───── GIVEN RECORDS ─────

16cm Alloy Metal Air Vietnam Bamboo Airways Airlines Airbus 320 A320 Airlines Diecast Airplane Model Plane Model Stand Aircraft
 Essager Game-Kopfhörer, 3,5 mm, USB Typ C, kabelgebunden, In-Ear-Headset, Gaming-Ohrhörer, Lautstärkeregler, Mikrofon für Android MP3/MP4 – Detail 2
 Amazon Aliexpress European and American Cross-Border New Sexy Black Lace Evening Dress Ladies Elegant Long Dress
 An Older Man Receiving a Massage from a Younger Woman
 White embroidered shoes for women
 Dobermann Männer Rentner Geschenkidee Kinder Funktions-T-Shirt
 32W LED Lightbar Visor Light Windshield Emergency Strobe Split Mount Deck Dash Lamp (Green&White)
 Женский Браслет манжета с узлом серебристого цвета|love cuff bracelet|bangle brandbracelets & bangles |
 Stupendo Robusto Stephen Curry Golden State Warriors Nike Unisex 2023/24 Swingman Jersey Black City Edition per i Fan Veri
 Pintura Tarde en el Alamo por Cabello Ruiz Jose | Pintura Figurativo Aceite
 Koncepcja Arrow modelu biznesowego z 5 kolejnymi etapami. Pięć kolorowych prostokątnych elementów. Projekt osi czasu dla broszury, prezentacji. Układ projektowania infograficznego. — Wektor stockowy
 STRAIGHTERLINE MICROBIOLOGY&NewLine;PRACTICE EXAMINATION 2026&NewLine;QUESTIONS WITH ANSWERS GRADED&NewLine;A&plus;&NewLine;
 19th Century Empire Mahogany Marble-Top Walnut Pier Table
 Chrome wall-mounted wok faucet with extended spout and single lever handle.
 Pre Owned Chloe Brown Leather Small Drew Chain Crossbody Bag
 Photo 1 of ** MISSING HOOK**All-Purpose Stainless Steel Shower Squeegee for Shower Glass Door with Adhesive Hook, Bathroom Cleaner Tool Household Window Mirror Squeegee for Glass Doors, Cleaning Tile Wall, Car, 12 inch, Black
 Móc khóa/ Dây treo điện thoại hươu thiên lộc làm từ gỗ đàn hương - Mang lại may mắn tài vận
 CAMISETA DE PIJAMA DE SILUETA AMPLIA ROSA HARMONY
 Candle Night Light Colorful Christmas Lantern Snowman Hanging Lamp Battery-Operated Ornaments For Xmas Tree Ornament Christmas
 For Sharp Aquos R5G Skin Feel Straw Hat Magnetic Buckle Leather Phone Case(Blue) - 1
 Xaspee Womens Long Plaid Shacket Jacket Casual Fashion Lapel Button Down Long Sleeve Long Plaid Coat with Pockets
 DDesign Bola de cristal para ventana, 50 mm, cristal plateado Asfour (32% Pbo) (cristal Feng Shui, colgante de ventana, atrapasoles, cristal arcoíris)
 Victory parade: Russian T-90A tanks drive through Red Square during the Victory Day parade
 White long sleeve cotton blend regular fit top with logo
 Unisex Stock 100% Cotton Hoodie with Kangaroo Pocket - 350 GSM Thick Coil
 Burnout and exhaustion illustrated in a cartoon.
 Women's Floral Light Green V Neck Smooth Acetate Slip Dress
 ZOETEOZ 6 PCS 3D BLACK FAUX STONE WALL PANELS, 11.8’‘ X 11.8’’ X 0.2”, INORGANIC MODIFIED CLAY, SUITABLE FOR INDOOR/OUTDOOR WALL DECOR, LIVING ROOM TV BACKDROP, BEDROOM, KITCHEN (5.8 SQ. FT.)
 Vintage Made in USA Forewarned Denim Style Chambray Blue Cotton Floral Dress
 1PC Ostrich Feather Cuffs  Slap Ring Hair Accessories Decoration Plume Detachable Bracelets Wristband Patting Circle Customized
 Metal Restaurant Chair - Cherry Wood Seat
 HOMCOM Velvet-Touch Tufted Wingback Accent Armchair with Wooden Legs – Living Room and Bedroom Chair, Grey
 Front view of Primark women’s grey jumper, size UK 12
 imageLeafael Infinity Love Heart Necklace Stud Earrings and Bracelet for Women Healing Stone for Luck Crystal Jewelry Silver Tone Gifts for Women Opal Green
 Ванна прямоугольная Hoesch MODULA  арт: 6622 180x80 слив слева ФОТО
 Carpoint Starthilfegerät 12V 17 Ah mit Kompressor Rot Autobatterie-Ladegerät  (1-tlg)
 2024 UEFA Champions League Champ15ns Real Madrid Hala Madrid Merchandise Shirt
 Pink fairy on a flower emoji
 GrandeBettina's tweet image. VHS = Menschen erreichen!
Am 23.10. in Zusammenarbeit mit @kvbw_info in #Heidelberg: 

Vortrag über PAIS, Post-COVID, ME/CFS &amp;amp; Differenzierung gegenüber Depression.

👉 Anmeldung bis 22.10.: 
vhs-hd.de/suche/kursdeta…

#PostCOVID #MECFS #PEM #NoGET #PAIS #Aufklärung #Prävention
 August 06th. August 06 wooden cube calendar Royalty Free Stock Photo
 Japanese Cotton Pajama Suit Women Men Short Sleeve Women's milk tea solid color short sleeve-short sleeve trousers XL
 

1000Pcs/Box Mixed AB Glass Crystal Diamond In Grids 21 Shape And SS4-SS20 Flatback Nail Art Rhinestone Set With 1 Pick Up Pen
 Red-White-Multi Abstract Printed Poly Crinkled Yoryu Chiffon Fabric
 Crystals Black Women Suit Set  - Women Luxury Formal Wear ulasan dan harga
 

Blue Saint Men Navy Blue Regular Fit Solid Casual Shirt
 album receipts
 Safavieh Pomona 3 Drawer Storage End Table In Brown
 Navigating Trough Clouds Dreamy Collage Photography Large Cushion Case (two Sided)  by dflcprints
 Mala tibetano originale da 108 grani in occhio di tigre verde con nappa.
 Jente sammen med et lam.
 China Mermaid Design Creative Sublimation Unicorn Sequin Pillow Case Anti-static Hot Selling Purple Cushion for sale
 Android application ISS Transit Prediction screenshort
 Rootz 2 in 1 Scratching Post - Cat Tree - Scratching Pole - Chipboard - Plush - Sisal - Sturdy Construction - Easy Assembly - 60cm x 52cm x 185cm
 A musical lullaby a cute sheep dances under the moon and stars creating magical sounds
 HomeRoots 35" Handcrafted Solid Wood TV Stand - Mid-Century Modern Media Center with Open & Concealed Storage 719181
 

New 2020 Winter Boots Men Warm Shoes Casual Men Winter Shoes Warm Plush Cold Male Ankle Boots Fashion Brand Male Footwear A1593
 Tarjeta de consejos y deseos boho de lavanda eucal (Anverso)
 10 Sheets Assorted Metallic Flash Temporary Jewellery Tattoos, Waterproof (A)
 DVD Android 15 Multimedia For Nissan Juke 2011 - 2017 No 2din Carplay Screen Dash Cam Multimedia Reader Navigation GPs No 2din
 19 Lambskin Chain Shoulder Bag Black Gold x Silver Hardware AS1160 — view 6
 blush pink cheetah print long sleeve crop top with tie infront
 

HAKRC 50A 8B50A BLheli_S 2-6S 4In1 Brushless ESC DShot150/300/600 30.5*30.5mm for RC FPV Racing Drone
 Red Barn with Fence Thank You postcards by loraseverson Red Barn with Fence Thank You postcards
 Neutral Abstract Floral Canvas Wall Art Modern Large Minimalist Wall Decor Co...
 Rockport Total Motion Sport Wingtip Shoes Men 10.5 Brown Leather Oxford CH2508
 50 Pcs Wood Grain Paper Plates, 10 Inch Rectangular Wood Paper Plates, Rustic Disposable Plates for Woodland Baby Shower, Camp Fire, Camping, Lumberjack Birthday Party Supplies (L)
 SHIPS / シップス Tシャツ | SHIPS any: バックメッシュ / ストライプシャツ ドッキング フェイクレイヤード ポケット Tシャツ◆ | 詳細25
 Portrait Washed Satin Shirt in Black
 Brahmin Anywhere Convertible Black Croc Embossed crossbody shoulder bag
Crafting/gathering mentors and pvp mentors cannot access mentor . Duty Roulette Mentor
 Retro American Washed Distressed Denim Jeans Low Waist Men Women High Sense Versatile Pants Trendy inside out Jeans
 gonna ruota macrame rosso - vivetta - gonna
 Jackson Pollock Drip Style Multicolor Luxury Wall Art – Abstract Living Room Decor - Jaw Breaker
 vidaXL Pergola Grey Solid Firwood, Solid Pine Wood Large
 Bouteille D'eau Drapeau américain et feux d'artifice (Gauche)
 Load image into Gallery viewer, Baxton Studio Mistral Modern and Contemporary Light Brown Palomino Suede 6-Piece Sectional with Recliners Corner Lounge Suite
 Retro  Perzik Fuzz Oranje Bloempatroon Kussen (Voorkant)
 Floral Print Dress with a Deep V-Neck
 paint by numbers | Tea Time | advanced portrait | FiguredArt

─────

# [PROBLEM REQUIREMENTS]
Could you restate word for word the lines above, from the one that contains "Rootz 2 in 1" through the one that contains "New 2020 Winter", and no others?

# [OUTPUT BELOW]
 Rootz 2 in 1 Scratching Post - Cat Tree - Scratching Pole - Chipboard - Plush - Sisal - Sturdy Construction - Easy Assembly - 60cm x 52cm x 185cm
 A musical lullaby a cute sheep dances under the moon and stars creating magical sounds
 HomeRoots 35" Handcrafted Solid Wood TV Stand - Mid-Century Modern Media Center with Open & Concealed Storage 719181
 

New 2020 Winter Boots Men Warm Shoes Casual Men Winter Shoes Warm Plush Cold Male Ankle Boots Fashion Brand Male Footwear A1593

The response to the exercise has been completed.